The beach is beautiful, deserted, and stretches as far as the eye can see.

A walking trail through the maritime forest leading to the beach.

A fewof the other boaters in the anchorage at Cumberland Island. Interestingly, there were more boats in front of us, and all were sailboats.

The ferry dropping off and picking up visitors to the island.

Mike on one of the boardwalks leading to the beach.

Our friends from STARGAZER, Ginger and Laura.

Cumberland Island, Georgia #1

Our plan after leaving Fernandina Beach was to go on to Savannah, anchoring at least for one night before arriving there. However, as we were pulling away from the fuel dock at Fernandina, Pat said that she would really like to stop at Cumberland Island. Mike was somewhat reluctant about stopping there, only because it was such a short distance from where we had been for the last couple of days, and his type A personality told him that we needed to put some water under the keel. However, he gave in and we anchored at Cumberland Island for two nights.

Here are pictures of wild horses that could be seen all over the island. They were beautiful!

There were horses also grazing along the beach. They were not afraid or scared off by people walking along or getting close enough to take pictures.

Fernandina Beach, FL (Amelia Island)

We left anchorage at 7:15 a.m. on 29 March and cruised to Fernandina Harbor Marina, located in historic downtown Fernandina Beach, which is a quaint Victorian seaport. The cruise to here was beautiful, although the winds picked up about the time we were ready to dock—never fails!! Our friend Tom Clare was there to greet us and to help us get tied up. We met Tom and his wife Gerry in 2003 while they were in doing the Great Loop from FL to TN and were staying at Fort Loudon Marina.

There were three other “Looper” boats docked here who are also doing the loop (Double SS, Stargazer, Harmony). Tom Clare arranged for us all to meet for dinner on Thursday evening at an Italian restaurant in the lovely town of Amelia Island, which was just a short walk from the marina. We had a great dinner, and we enjoyed meeting new folks and hearing about their experiences.

Access to downtown Amelia is right across the street from the marina. It is a pretty town with many unique and interesting stores. There is also a train station and a train that runs parallel to the marina.

Directly in front of us were several docked shrimp boats. Not many of them left while we were there. The weather may have kept them from going out.

Our plan to leave Fernandina Harbor Marina on Friday was delayed a day due to very high winds and uncomfortable seas. Since we were there an extra day, Gerry Clare volunteered to take us on our own private tour of the island. Gerry is a realtor and knows all there is to know about the island. We thoroughly enjoyed her driving us around and telling us all she knows about the area. It is a beautiful island and one we recommend seeing by boat or car.

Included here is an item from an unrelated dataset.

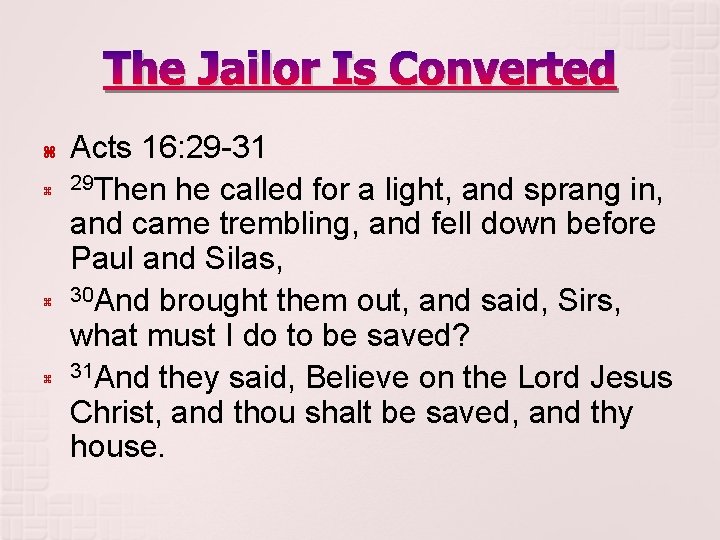 The Jailor Is Converted Acts 16: 29 -31 29 Then he called for a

Later in the evening, we joined Tom and Gerry for dinner at their home. We had a delicious dinner and a nice evening chatting and discussing, what else, boating. Tom and Gerry will be starting the next phase of their Loop on April 7th, and will be in Charleston for the AGLCA Rendezvous, and we look forward to seeing them again and cruising with them up the east coast and on into Canada.

A small cruise ship came in on Friday afternoon and docked behind us. This area is popular for small cruise ships and for local cruises that can be arranged there at the marina.

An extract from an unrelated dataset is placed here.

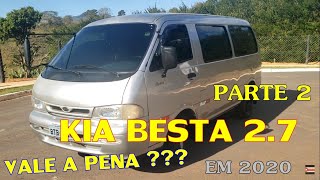 NÃO COMPRE A KIA BESTA GS 2.7 ANO 2000, 2001 ANTES DE ASSISTIR ESTE VIDEO..VALE A PENA  PARTE 2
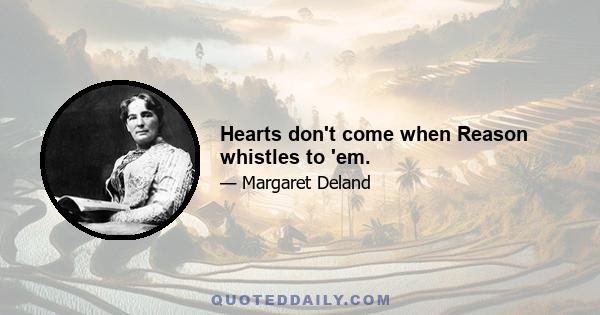 Hearts don't come when Reason whistles to 'em.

We left Fernandina Harbor Marina on Saturday morning (31 March) along with the other Loopers. This picture shows Ginger and Laura on Stargazer getting fuel and preparing to depart Fernandina Harbor Marina. It was a beautiful morning with very little wind and calm seas! We cruised about five miles to Cumberland Island and anchored, and we are so glad we did. More on this later.

Thursday, April 05, 2007

St. Augustine, Florida

The next day (26 March) we departed Smyrna Yacht Club at about 0700, heading toward St. Augustine, arriving at about 4:00 pm. The St. Augustine Municipal Marina is a very nice marina right in the center of the action downtown. Approaching the marina we saw to our starboard the St. Augustine Lighthouse.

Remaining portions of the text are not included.